We definitely have to be careful about the information that we share online and on social media.  And after talking at length about nipples, it may be a hard sell to tell you that there are things that I edit, things I keep out of this blog. I don’t share everything, but I strive for honesty in my voice. I share what I would want to know, the things I’ve looked for, coming up empty. I try to remember that anyone can see my words, my images– something that I remind those high school girls about all the time. (They’re probably tired of hearing how I nixed one potential babysitter because she was holding a red solo cup in her profile pic!)  But at the same time I worry that anyone can see my posts, I am in awe of the fact that anyone can see my posts.
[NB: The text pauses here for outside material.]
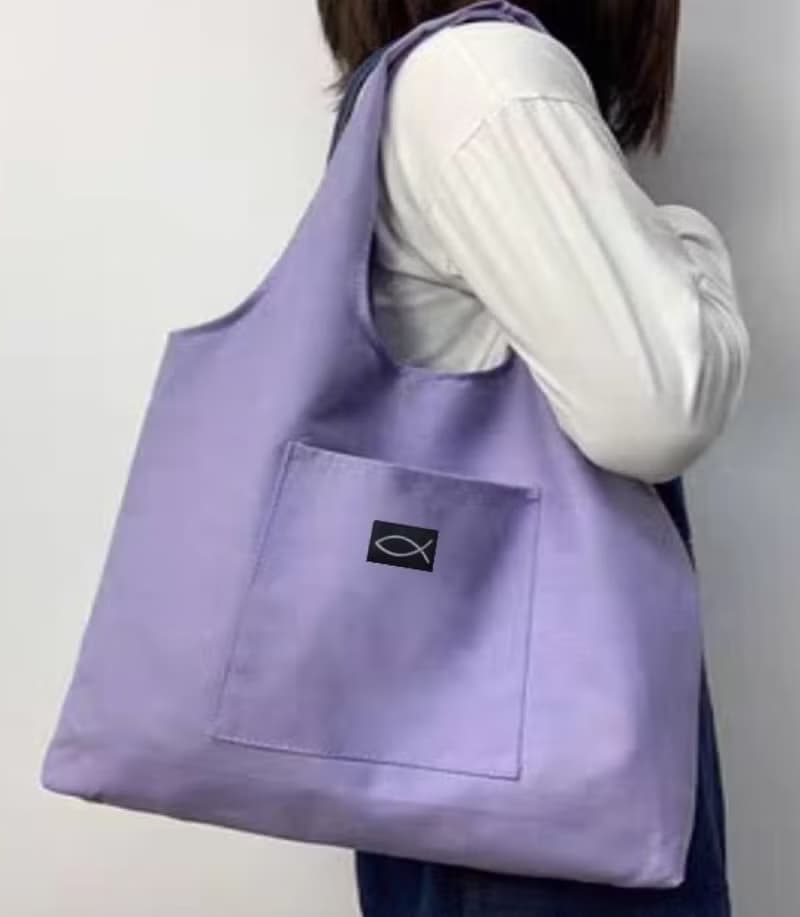 手提/側背帆布包 電繡魚標誌 福音文創 福音商品 福音禮品 基督教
Anyone. Anyone who just heard her doctor tell her that she has breast cancer.  Anyone who is worried how her kids will react to her hair loss from chemo. Anyone who wonders what it’s like to get a nipple tattoo or to grow out her hair post chemo.  I do try to remember to put down my phone for a while each day and just engage with the people around me.  But I’m so thankful for the tools that connect me with so many people– with friends I know in real life, with people with whom I’ve only shared stories on a screen, with anyone.